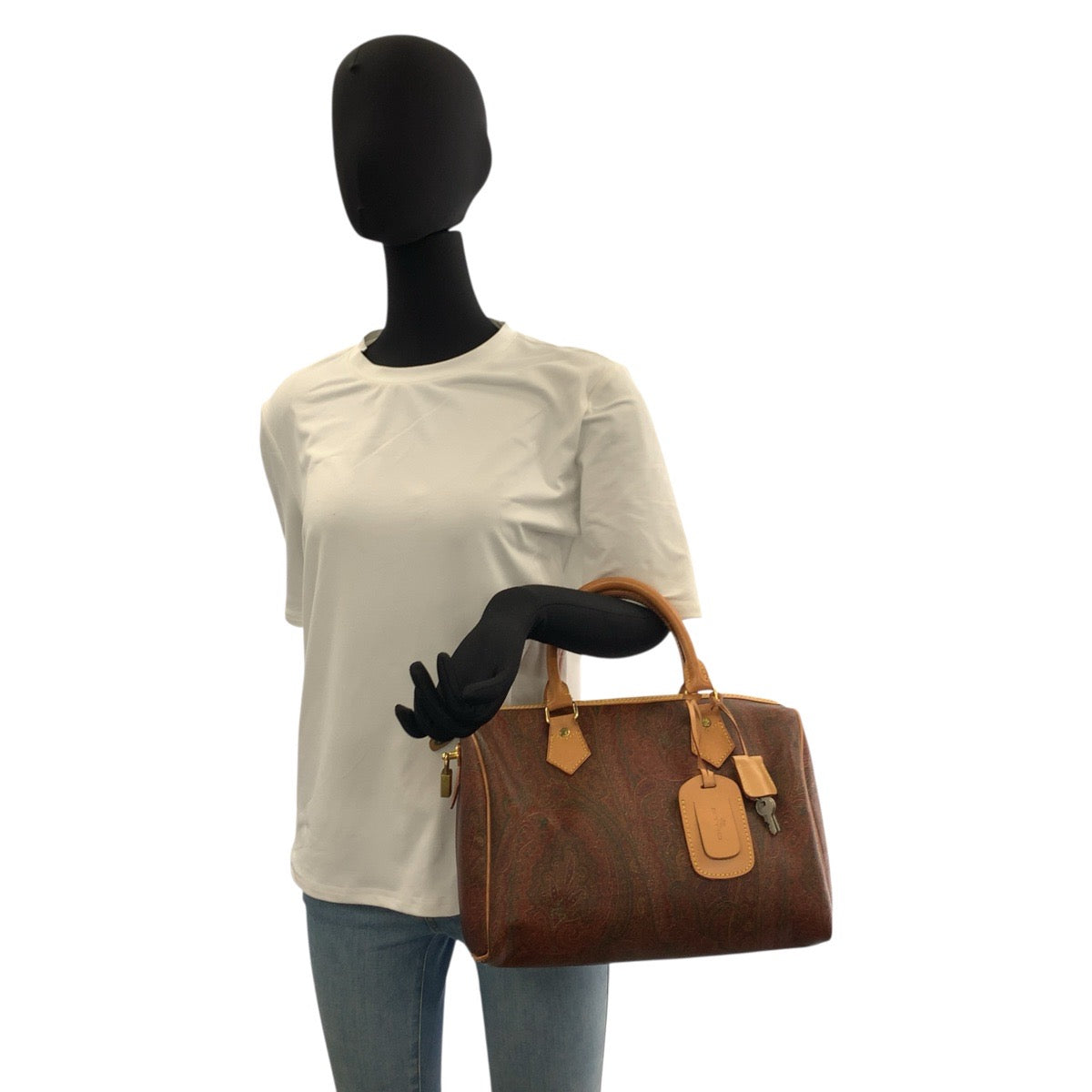 22930
ETRO Paisley Pattern Brown Bordeaux Gold Hardware PVC / Leather Handbag Mini Boston Bag Women's ABP21
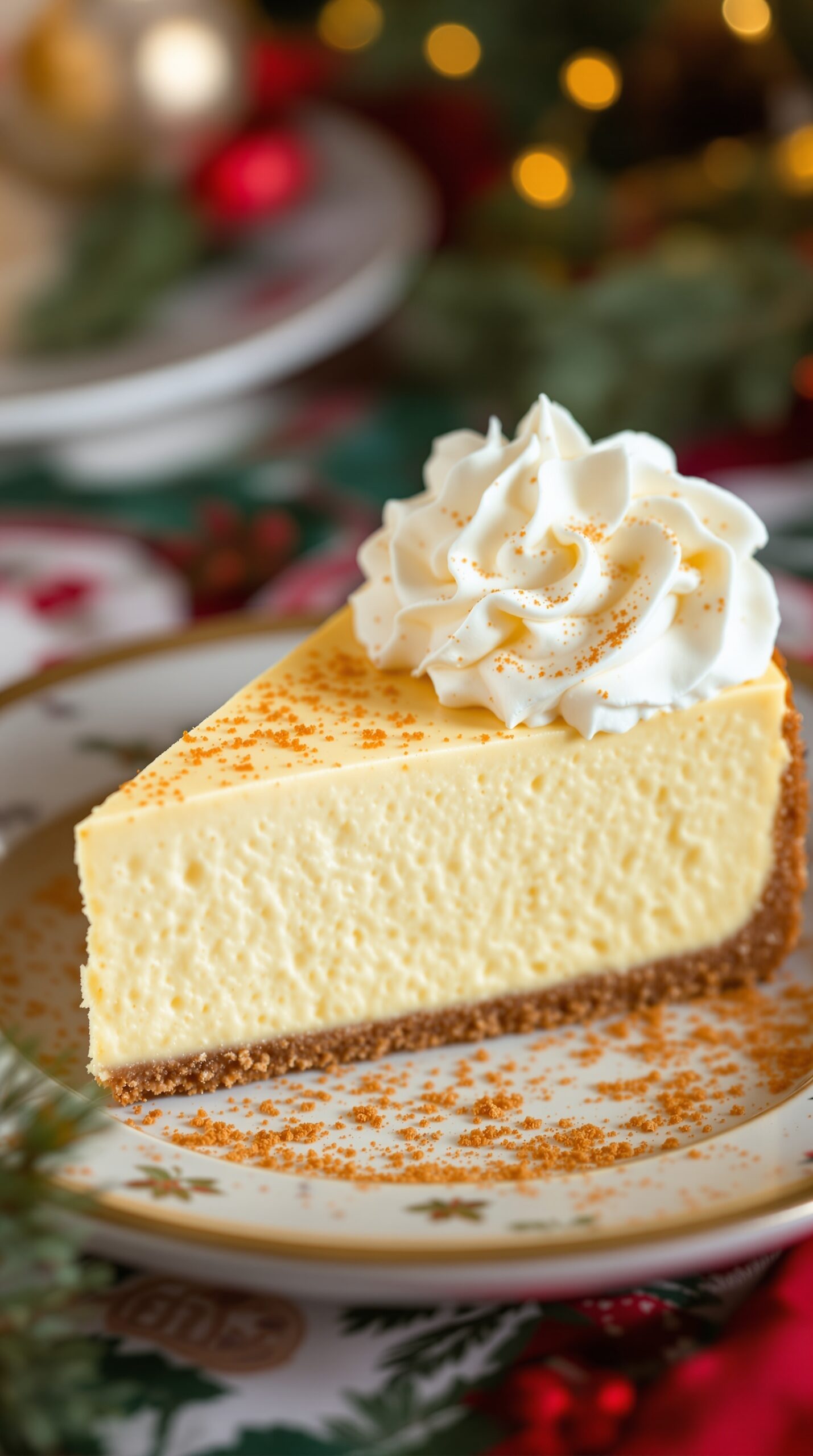 A slice of eggnog cheesecake topped with whipped cream and nutmeg on a festive plate.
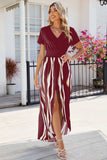 Smocked High-Low Printed Surplice Dress - Trendsi - Flyclothing LLC
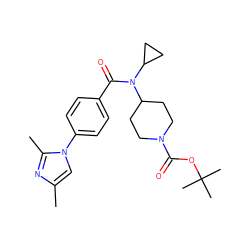 Cc1cn(-c2ccc(C(=O)N(C3CC3)C3CCN(C(=O)OC(C)(C)C)CC3)cc2)c(C)n1 ZINC001772653490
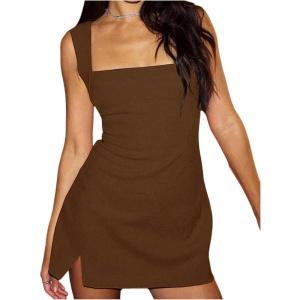 image:imageSOLY HUX Womens Summer Sleeveless Mini Dress Square Neck Split Hem Bodycon Party Club DressesSolid Brown
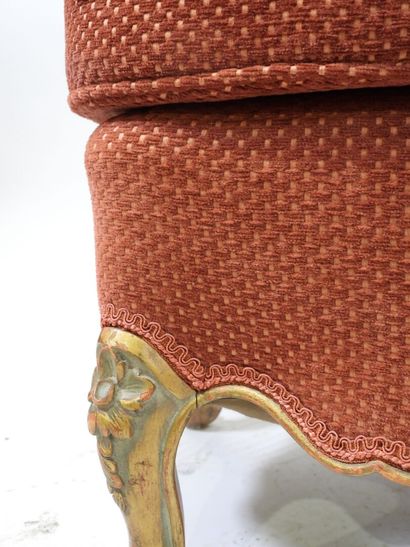 Molded, carved and gilded wood wing chair,...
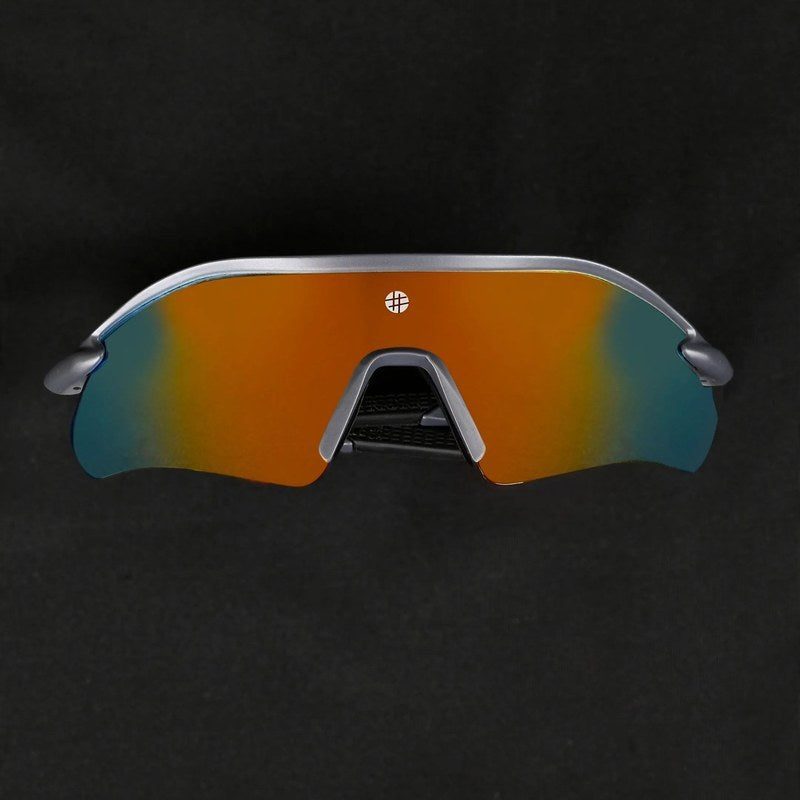 Falcon Grey Large Half Rim Shield Sports Sunglasses for Men & Women — Hashtag Eyewears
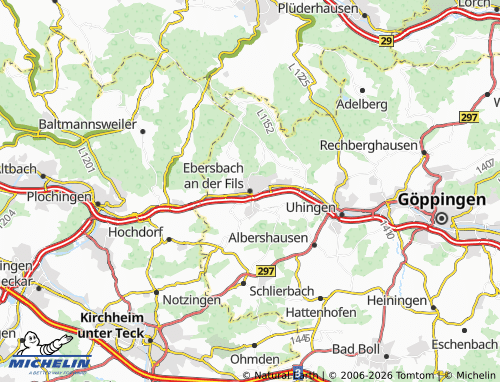 MICHELIN-Landkarte Ebersbach an der Fils - ViaMichelin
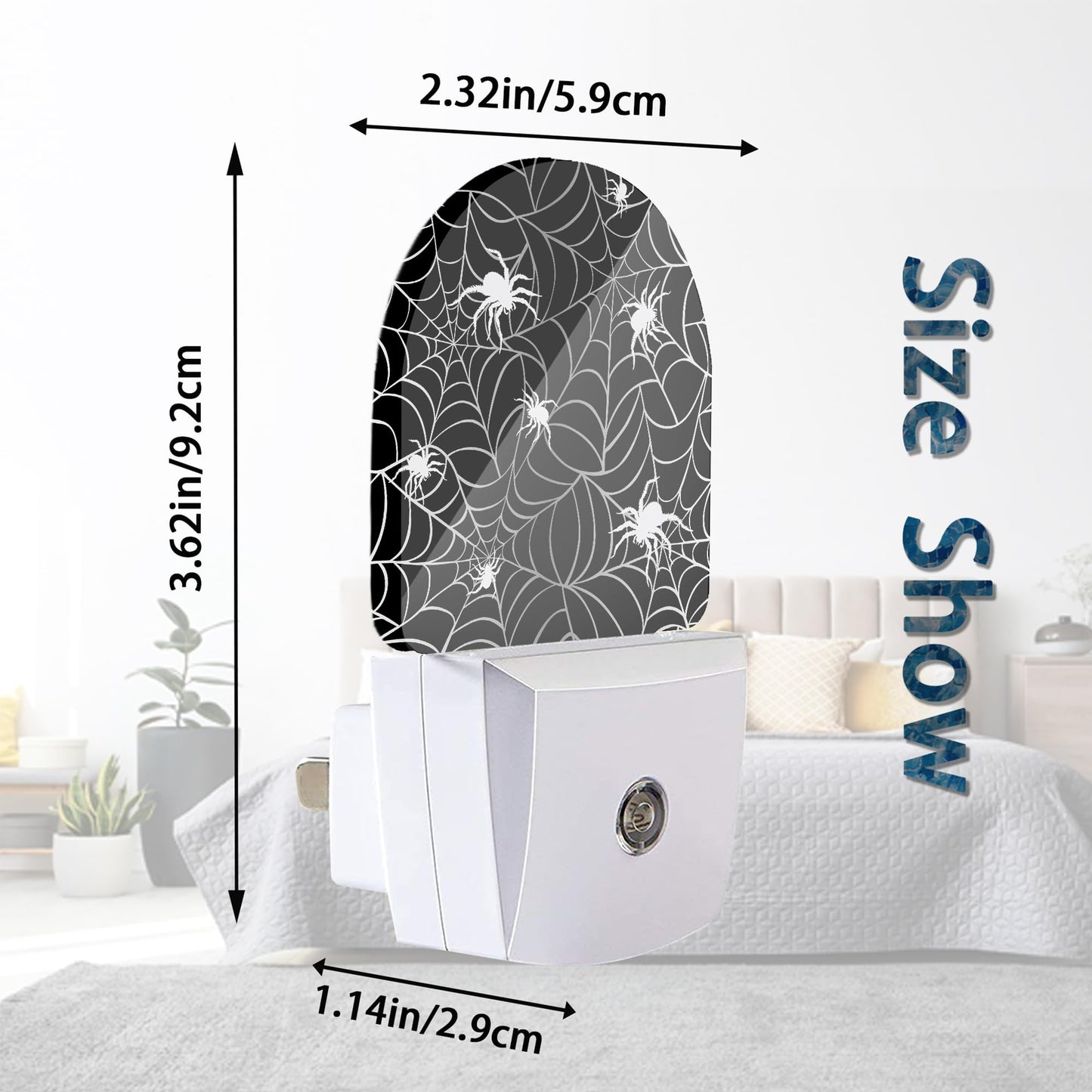 Axxitude Spiders Webs Night Lights Plug into Wall for Girls Boys Room,Night Light LED Lamp Dusk to Dawn Sensor Round Lamp for Bedroom Bathroom Hallway Home Wall Decor Nightlight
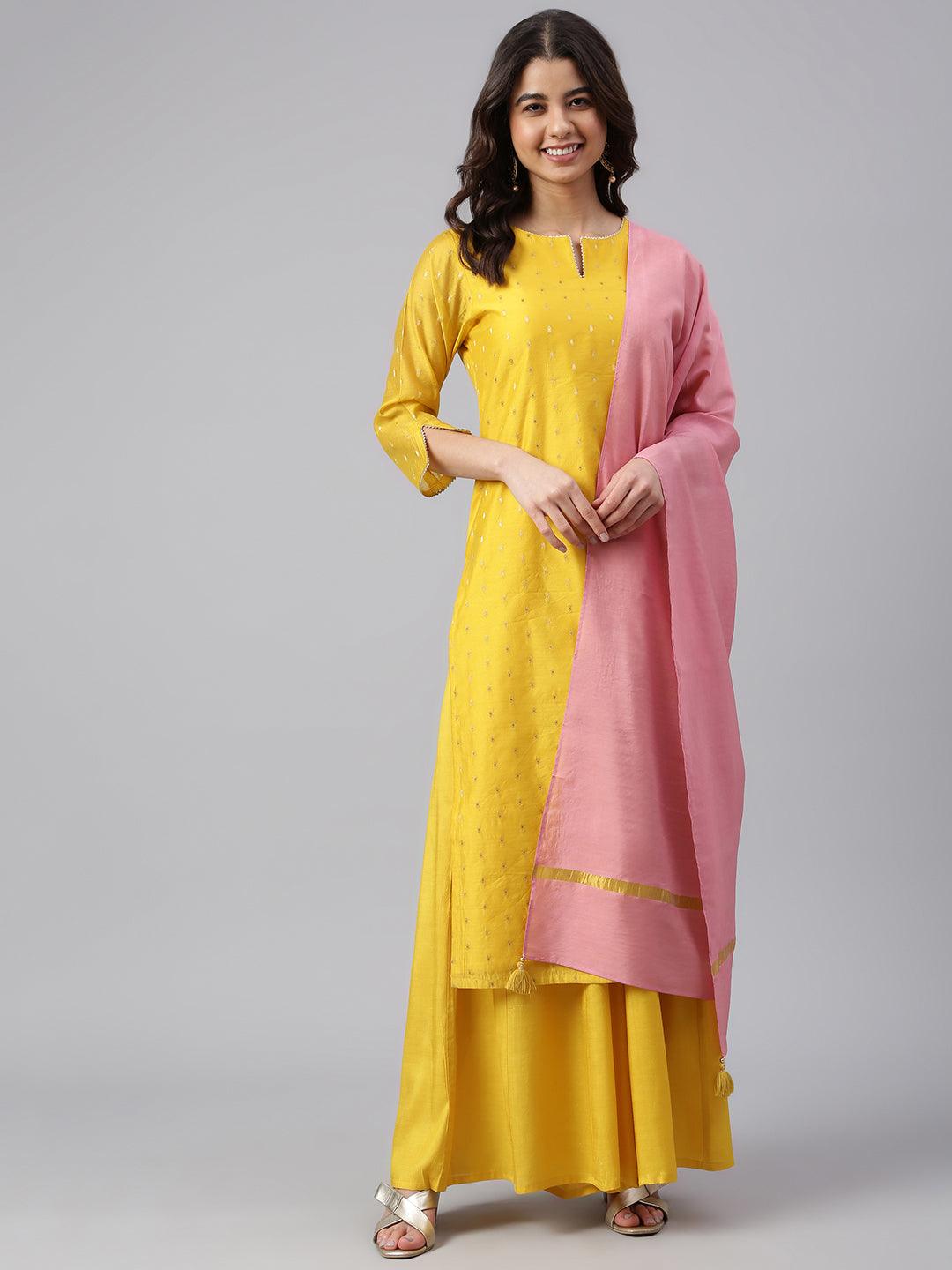 Women's Yellow Chanderi Silk Woven Kurta With Palazzo And Dupatta - Mansa - Indiakreations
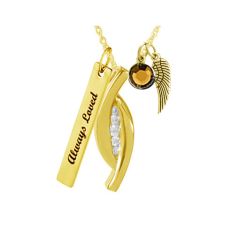 Slider CZ Gold Pendant Urn - Love Charms™ Option 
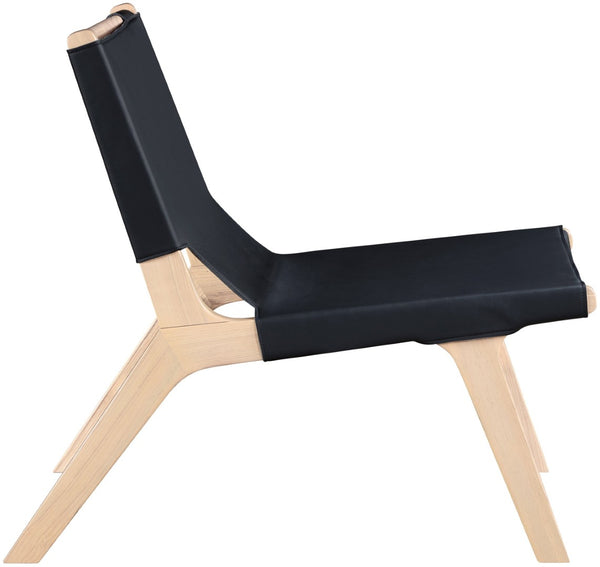 Meridian Furniture Rawlins Sling Accent Chair Vegan Leather Seat Ash Wood Frame Mid-century Modern Lounge Black Style A 33004Black-C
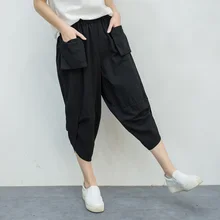 Nwe 2017 Summer Autumn Women Loose Cotton Linen Pants Casual Elastic Waist Vintage Female Capris Harem Trousers Plus Size Y443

• • • • • • •

Write the data above out again exactly, minus its pictures.

 22930
ETRO Paisley Pattern Brown Bordeaux Gold Hardware PVC / Leather Handbag Mini Boston Bag Women's ABP21
 A slice of eggnog cheesecake topped with whipped cream and nutmeg on a festive plate.
 Smocked High-Low Printed Surplice Dress - Trendsi - Flyclothing LLC
 Cc1cn(-c2ccc(C(=O)N(C3CC3)C3CCN(C(=O)OC(C)(C)C)CC3)cc2)c(C)n1 ZINC001772653490
 image:imageSOLY HUX Womens Summer Sleeveless Mini Dress Square Neck Split Hem Bodycon Party Club DressesSolid Brown
 Molded, carved and gilded wood wing chair,...
 Falcon Grey Large Half Rim Shield Sports Sunglasses for Men & Women — Hashtag Eyewears
 MICHELIN-Landkarte Ebersbach an der Fils - ViaMichelin
 Axxitude Spiders Webs Night Lights Plug into Wall for Girls Boys Room,Night Light LED Lamp Dusk to Dawn Sensor Round Lamp for Bedroom Bathroom Hallway Home Wall Decor Nightlight
 Women's Yellow Chanderi Silk Woven Kurta With Palazzo And Dupatta - Mansa - Indiakreations
 Slider CZ Gold Pendant Urn - Love Charms™ Option 
 Meridian Furniture Rawlins Sling Accent Chair Vegan Leather Seat Ash Wood Frame Mid-century Modern Lounge Black Style A 33004Black-C
 Nwe 2017 Summer Autumn Women Loose Cotton Linen Pants Casual Elastic Waist Vintage Female Capris Harem Trousers Plus Size Y443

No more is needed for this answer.